Penggolongan biaya menurut hubungan biaya dengan sesuatu yang dibiayai, biaya dapat di kelompokan biaya langsung dan biaya tidak langsung. Biaya langsung adalah biaya yang terjadi, yang menyebabkan satu-satunya adalah karena adanya satu yang dibiayai. Sedangkan biaya tidak langsung adalah biaya yang terjadi tidak hanya di sebabkan oleh sesuatu yang dibiayai. Mulyadi (1993:15 )

Penggolongan biaya menurut perilaku dalam hubunganya dengan perubahan volume perubahan volume kegiatan, biya dapat dikelompokan menjadi :
a. Biaya varibel yaitu biaya yang jumlah totalnya berubah sebanding dengan volume kegiatan.
b. Biaya semi varibel, yaitu biaya yang berubah tidak sebanding dengan perubahan volume kegiatan.
c. Biaya semifized, yaitu biayah tetap untuk tingkat volume kegiatan tertentu dan berubah denga jumlah yang konstan pada volume produksi tertentu.
d. Biaya tetap,yaitu biaya yang jumlah totalnya tetap dalam kisaran volume kegiatan tertentu.

E. Konsep Produksi
Penelitian ini berkaitan dengan konsep produksi yang menujukan besarnya tingkat produksi rumput laut yang diperoleh petani, oleh karena itu konsep produksi dijelaskan untuk memberikan definisi tentang produksi menurut para pakar ekonomi. Secara umum produksi diartikan sebagai aktivitas untuk menciptakan barang dan jasa untuk memenuhi kebutuhan manusia. Jadi produksi adalah aktivitas yang menciptakan atau menambahkan utility suatu barang dan jasa untuk memenuhi kebutuhan manusia.

Sofyan Assauri (1993:54 ) mengemukakan bahwa produksi adalah kegiatan mencitakan atau menambah kegunaan (utility) sesuatu barang atau menambah kegunaan (utility) sesuatu barang atau jasa dengan mengunakan sumber- sumber (tenaga kerja,mesin,bahan-bahan, dan modal) yang ada.

Sedangkan Wasis (1992:40) menjelaskan bahwa roduksi adalah merubah bahan atau komponen (produksi) menjadi barang jadi. I Gusti Ngurah (1994:19 )mengemukakan bahwa produksi adalah sebagai hasil proses aktivitas ekonomi dengan manfaat sumberdaya yang tersedia serta memiliki potensi sebagai faktor produksi.

Hermanto (1994:32) mengemukakan bahwa produksi adalah suatu proses untuk memenuhi kebutuhan untuk penyelengaran jasa-jasa lain yang dapat memenuhi kebutuhan manusia.
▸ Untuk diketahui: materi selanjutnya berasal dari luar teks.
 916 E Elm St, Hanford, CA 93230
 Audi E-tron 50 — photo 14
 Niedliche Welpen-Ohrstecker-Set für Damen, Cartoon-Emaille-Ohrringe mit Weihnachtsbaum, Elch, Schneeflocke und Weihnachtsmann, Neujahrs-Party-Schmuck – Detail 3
Oleh karena itu produksi merupakan tindakan manusia. Oleh karena itu produksi merupakan tindakan manusia untuk menciptakan atau menambah nizlai guna barang sesuai dengan yang dikehendaki.

Menurut Mubyarto (1996 :25) menyatakan bahwa produksi petani adalah hasil yang diperoleh sebagai akibat bekerjanya faktor produksi tanah, modal, tenaga kerja simultan. 
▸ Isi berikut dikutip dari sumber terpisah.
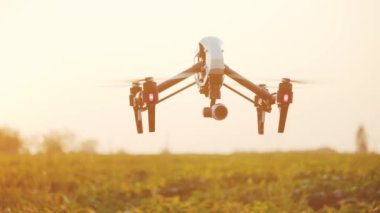 Gökyüzünde uçan akıllı tarım aracı. Kırsal havadan helikopterle tarımsal tarım çiftliği çiftliği arazisi. Çayırlık arazi.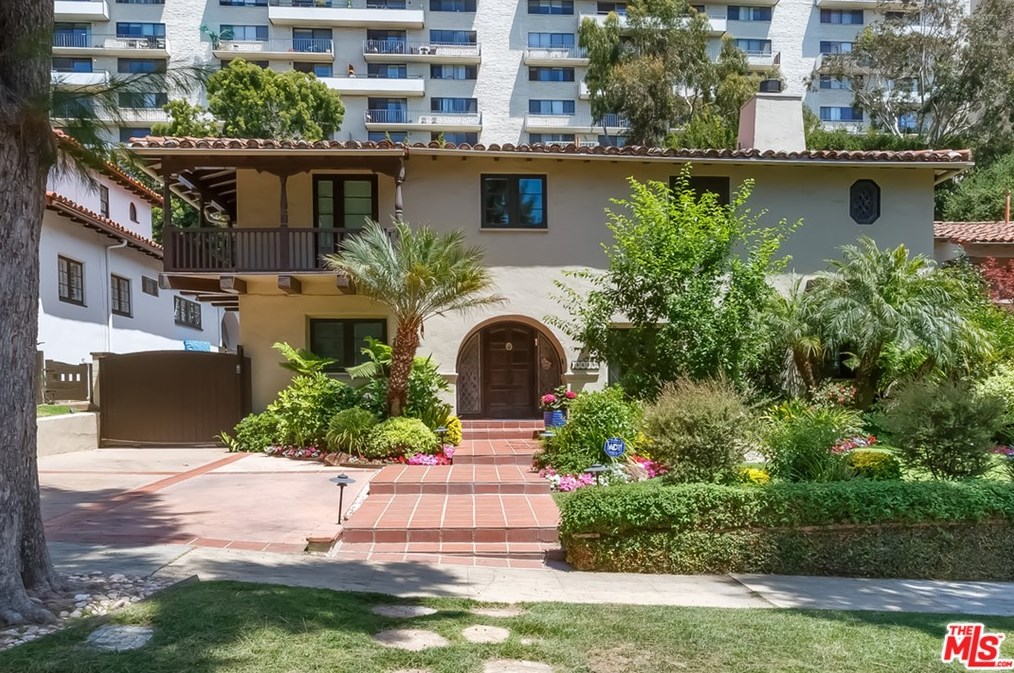 10558 Lindbrook Dr, Los Angeles, CA 90024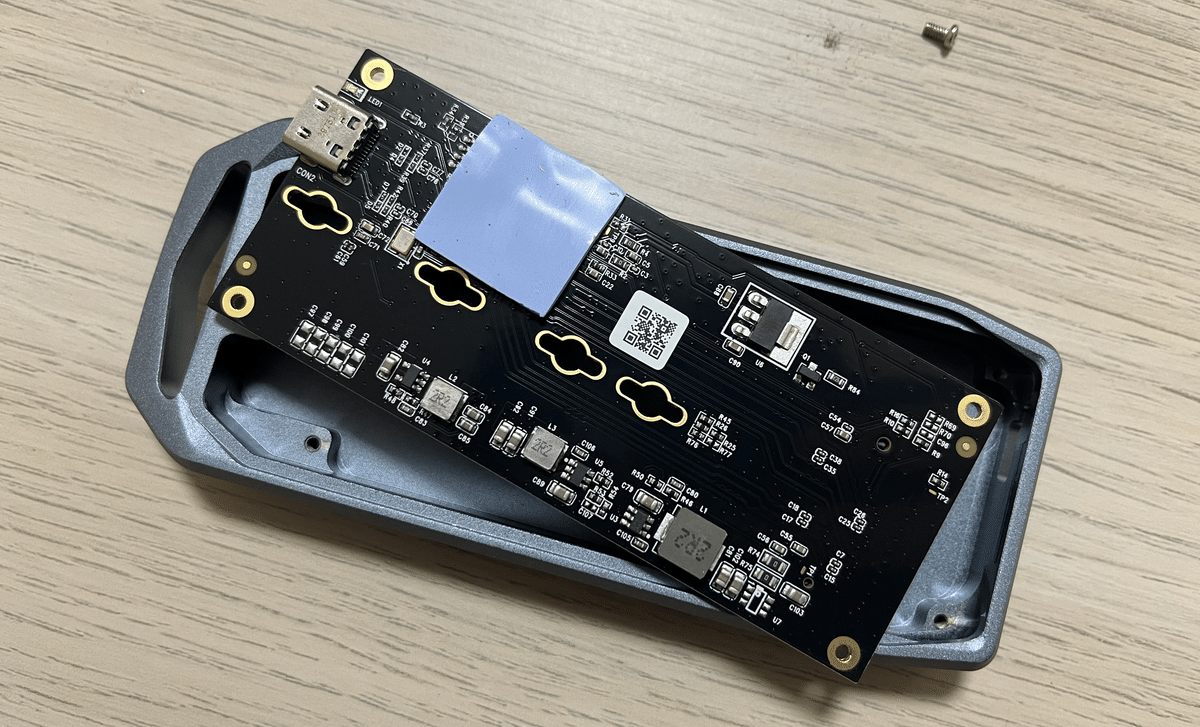 USB4のSSDエンクロージャーを購入した｜HR
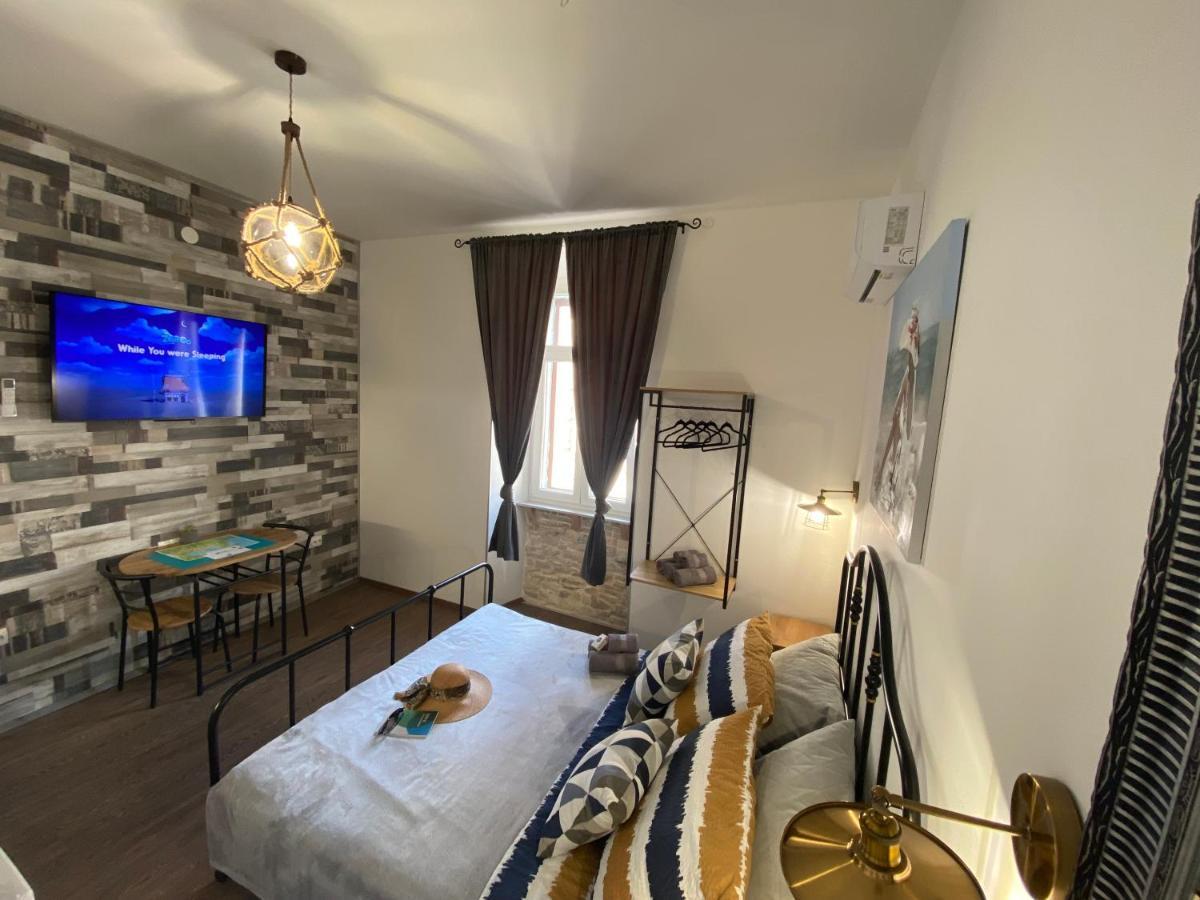 Lukadorajana Pula City Center Ngoại thất bức ảnh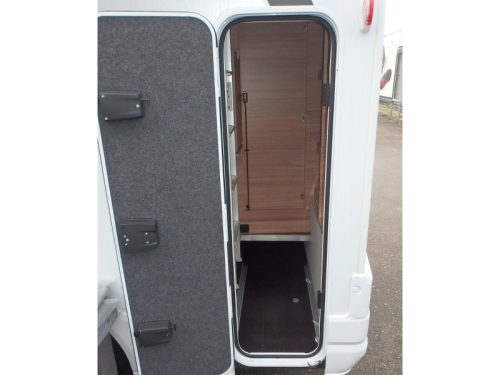 Weinsberg Xcursion 500 LT MOTORHOME RENTAL OFFER photo: 7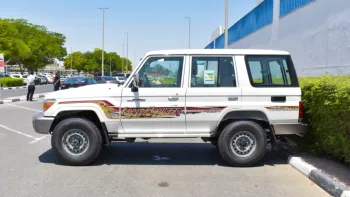 Toyota Land Cruiser Hard Roof LX V8 4WD 2023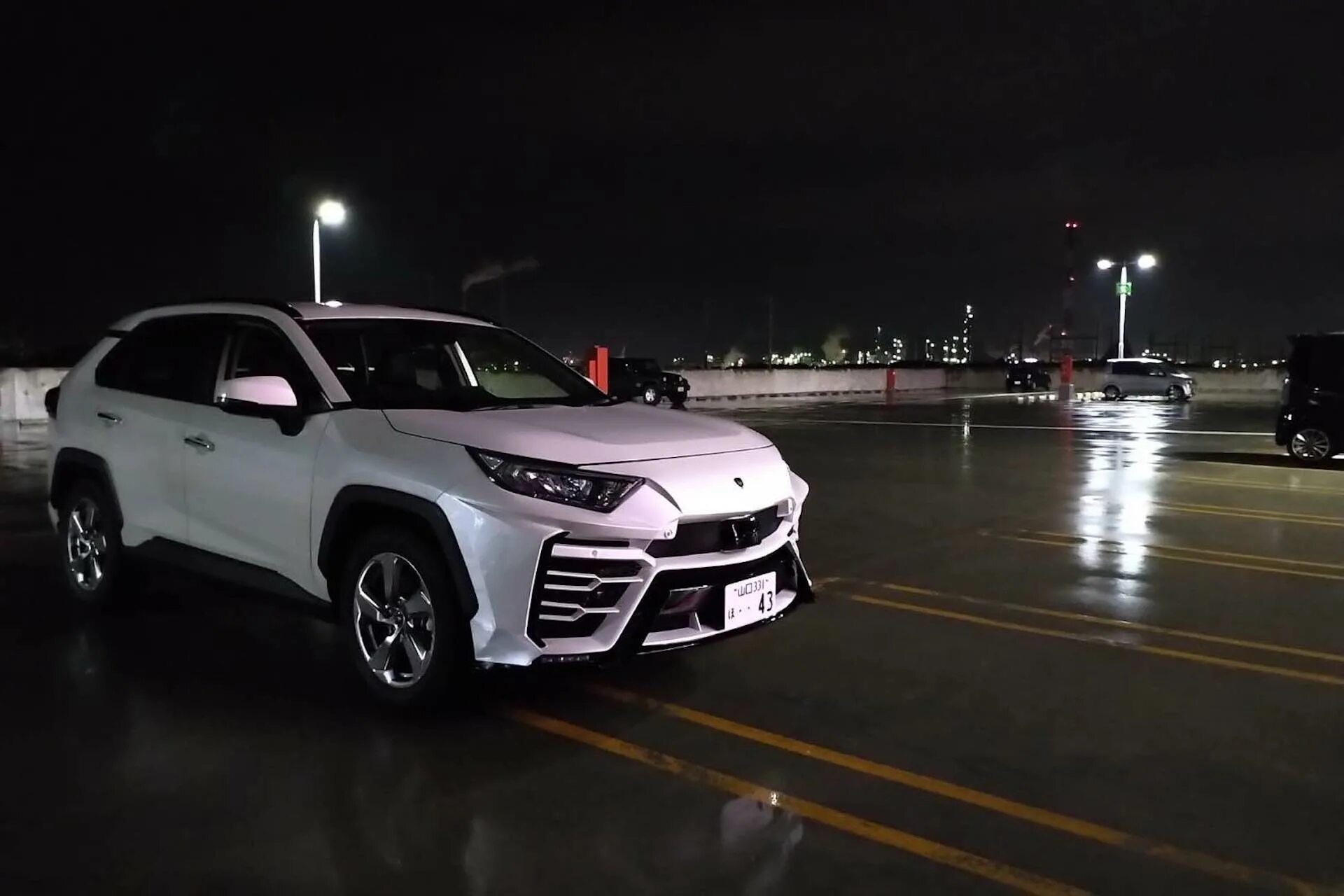 Тюнинг 2020 года. Toyota rav4 Urus. Тойота рав 4 Урус. Toyota rav4 обвес Urus. Toyota rav4 xa50.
Dalam melakukan usahatani, seorang pengusaha atau seorang petani akan selalu baerfikir untuk mengalokasikan input seefisien mungkin untuk memproduksi yang maksimal. Cara berfikir yang demikian adalah wajar, mengingat petani melkukan konsep bagaimana memaksimumkan keuntungan. Dalam ilmu ekonomi cara berfikir demikian sering disebut dengan pendekatan maksimumkan keuntungan atau profit mazimition. Dalam kaitan itu Kartasapoerta (1988:43) mengemukakan bahwa produksi merupakan hasil yang diperole yang berkaitan dengan proses berlangsungnya proses produksi. Kuantitas dan kualitas hasil (output ) tersebut tergantung pada keadaan input yang telah diberikan. Jadi antara input dan output terdapat kaitan yang jelas.

Dalam bidang pertanian istilah yang dimaksud yaitu hasil pekerjaan beberapa faktor produksi secara sekaligus. Moebyarto. (1996:30) oleh karena itu faktor-faktor ekonomi yang berpengaruh terhadap produksi khususnya lahan, dan modal, tingkat kesuburan, dan faktor-faktor lain yang melekat dalam faktor lahan itu sendiri.
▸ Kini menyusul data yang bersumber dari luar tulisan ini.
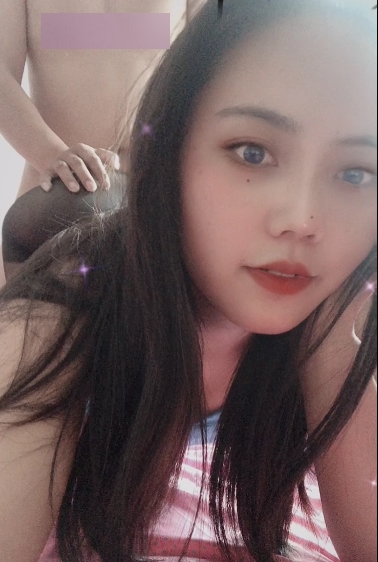 精选女友依云某处83v6.4g百度盘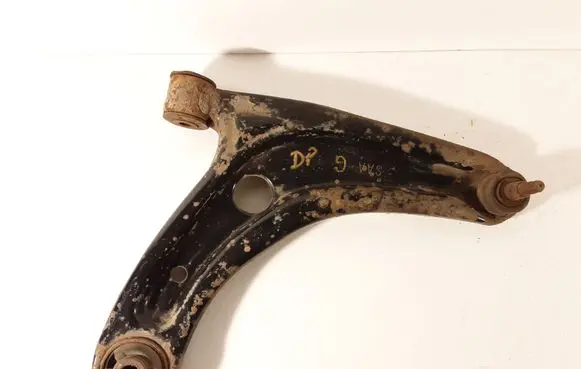 Front lower control arm/wishbone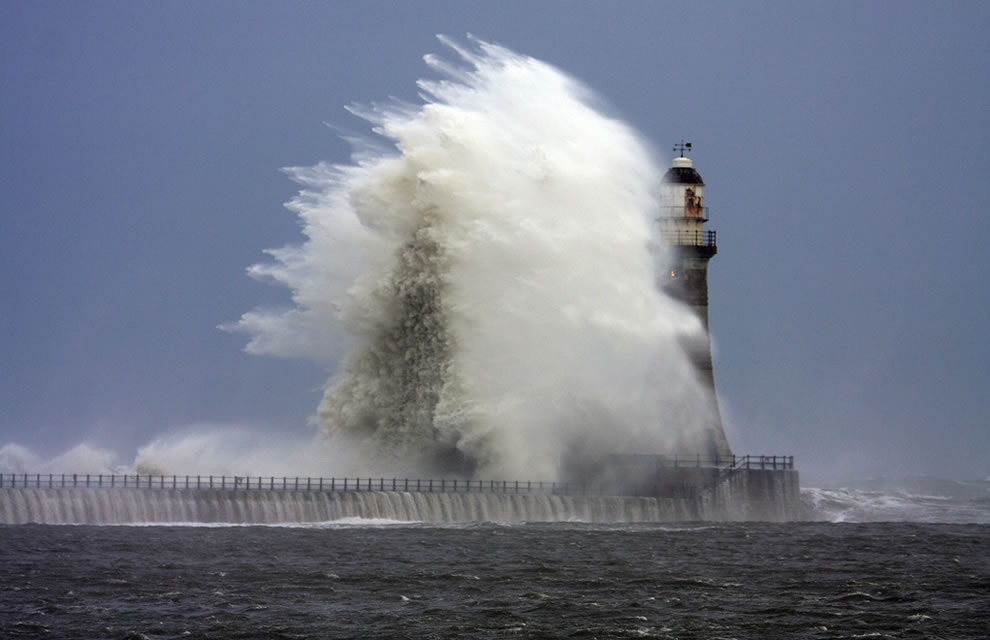 Olas gigantes 11-giant-waves-lighthouse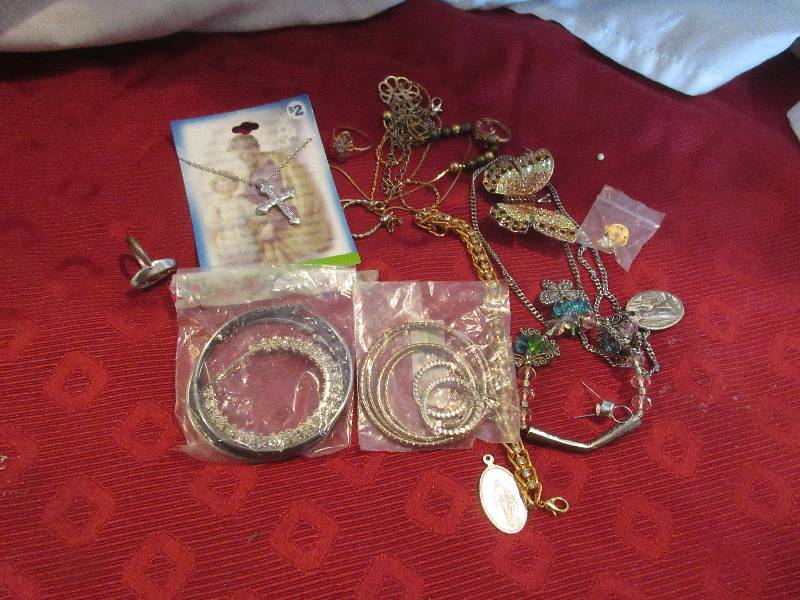 lot 21 image: JEWLERY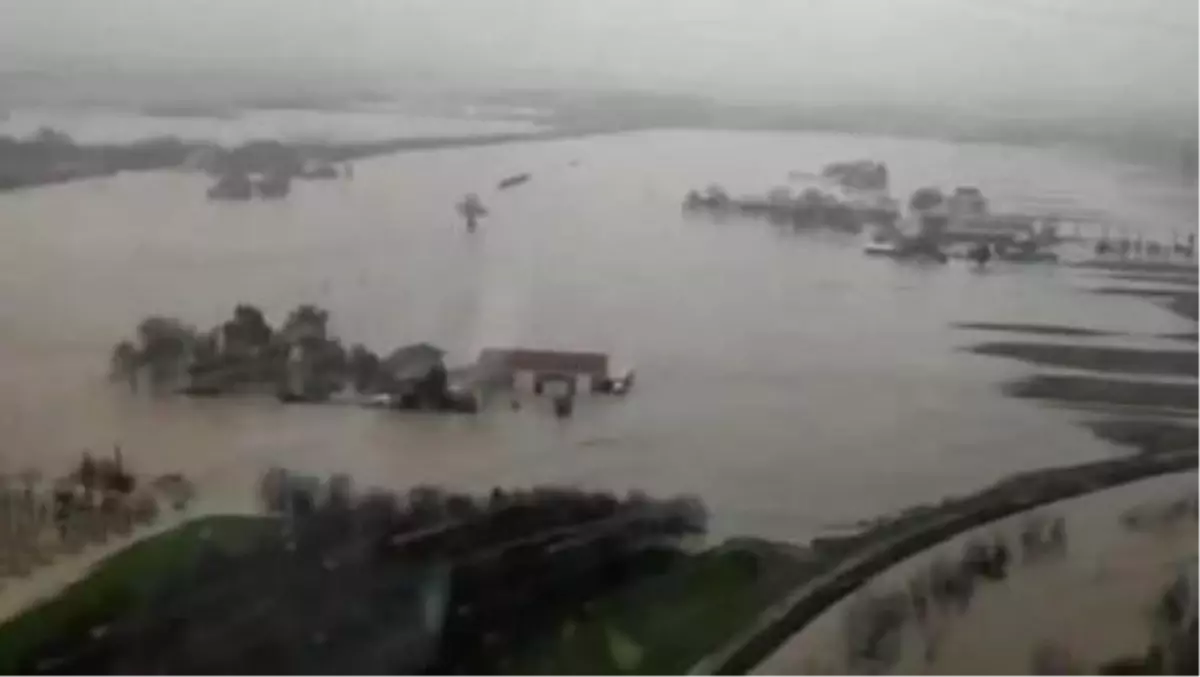 İtalya'nın kuzeyi sele teslim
Soekartawi dan Patong (1984: 78 ) mengemukakan bahwa dalam menghitung produksi usahatani biasanya dibedakan antara konsep produksi per unit usahatani ( cabang usahatani ) oleh produksi total uasaha tani adalah kualitas hasil yang dipergunakan di suatu jenis usahatani selama periode tertentu.